[Stored items]

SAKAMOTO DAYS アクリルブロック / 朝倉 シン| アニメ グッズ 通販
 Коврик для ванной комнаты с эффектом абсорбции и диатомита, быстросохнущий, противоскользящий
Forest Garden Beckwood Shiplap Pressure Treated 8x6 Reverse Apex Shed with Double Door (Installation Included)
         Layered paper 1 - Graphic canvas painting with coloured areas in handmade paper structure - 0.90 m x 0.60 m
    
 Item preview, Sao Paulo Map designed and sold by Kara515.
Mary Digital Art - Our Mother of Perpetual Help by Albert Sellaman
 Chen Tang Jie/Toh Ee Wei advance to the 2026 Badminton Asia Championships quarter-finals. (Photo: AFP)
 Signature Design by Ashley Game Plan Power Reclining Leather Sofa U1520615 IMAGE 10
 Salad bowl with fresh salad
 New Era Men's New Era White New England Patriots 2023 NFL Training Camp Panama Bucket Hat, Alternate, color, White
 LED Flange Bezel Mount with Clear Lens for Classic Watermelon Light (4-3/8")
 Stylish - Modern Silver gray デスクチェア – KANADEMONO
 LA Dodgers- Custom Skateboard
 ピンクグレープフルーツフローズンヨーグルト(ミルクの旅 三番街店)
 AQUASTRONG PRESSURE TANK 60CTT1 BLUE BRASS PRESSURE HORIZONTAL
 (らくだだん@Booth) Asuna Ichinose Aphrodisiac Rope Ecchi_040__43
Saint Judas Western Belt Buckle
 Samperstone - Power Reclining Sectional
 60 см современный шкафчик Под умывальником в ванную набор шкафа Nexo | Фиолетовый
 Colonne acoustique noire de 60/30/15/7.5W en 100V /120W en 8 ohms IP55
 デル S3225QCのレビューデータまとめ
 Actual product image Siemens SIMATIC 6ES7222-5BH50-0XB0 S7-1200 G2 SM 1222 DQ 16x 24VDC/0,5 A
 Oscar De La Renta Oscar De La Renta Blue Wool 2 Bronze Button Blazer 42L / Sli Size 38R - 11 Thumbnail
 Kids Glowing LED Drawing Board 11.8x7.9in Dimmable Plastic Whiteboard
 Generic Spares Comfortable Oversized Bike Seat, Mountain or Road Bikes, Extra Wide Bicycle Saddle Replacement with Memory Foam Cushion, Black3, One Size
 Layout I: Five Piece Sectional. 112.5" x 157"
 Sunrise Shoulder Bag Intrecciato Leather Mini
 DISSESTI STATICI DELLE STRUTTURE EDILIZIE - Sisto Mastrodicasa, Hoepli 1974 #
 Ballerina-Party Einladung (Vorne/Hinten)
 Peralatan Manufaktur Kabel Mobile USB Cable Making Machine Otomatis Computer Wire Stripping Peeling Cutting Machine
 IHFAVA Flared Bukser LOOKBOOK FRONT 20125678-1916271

WHAT TO PRODUCE
Copy exactly the line that contains "Mary Digital Art" and every line after it, up to and including the last line of the records.

RESULT
Mary Digital Art - Our Mother of Perpetual Help by Albert Sellaman
 Chen Tang Jie/Toh Ee Wei advance to the 2026 Badminton Asia Championships quarter-finals. (Photo: AFP)
 Signature Design by Ashley Game Plan Power Reclining Leather Sofa U1520615 IMAGE 10
 Salad bowl with fresh salad
 New Era Men's New Era White New England Patriots 2023 NFL Training Camp Panama Bucket Hat, Alternate, color, White
 LED Flange Bezel Mount with Clear Lens for Classic Watermelon Light (4-3/8")
 Stylish - Modern Silver gray デスクチェア – KANADEMONO
 LA Dodgers- Custom Skateboard
 ピンクグレープフルーツフローズンヨーグルト(ミルクの旅 三番街店)
 AQUASTRONG PRESSURE TANK 60CTT1 BLUE BRASS PRESSURE HORIZONTAL
 (らくだだん@Booth) Asuna Ichinose Aphrodisiac Rope Ecchi_040__43
Saint Judas Western Belt Buckle
 Samperstone - Power Reclining Sectional
 60 см современный шкафчик Под умывальником в ванную набор шкафа Nexo | Фиолетовый
 Colonne acoustique noire de 60/30/15/7.5W en 100V /120W en 8 ohms IP55
 デル S3225QCのレビューデータまとめ
 Actual product image Siemens SIMATIC 6ES7222-5BH50-0XB0 S7-1200 G2 SM 1222 DQ 16x 24VDC/0,5 A
 Oscar De La Renta Oscar De La Renta Blue Wool 2 Bronze Button Blazer 42L / Sli Size 38R - 11 Thumbnail
 Kids Glowing LED Drawing Board 11.8x7.9in Dimmable Plastic Whiteboard
 Generic Spares Comfortable Oversized Bike Seat, Mountain or Road Bikes, Extra Wide Bicycle Saddle Replacement with Memory Foam Cushion, Black3, One Size
 Layout I: Five Piece Sectional. 112.5" x 157"
 Sunrise Shoulder Bag Intrecciato Leather Mini
 DISSESTI STATICI DELLE STRUTTURE EDILIZIE - Sisto Mastrodicasa, Hoepli 1974 #
 Ballerina-Party Einladung (Vorne/Hinten)
 Peralatan Manufaktur Kabel Mobile USB Cable Making Machine Otomatis Computer Wire Stripping Peeling Cutting Machine
 IHFAVA Flared Bukser LOOKBOOK FRONT 20125678-1916271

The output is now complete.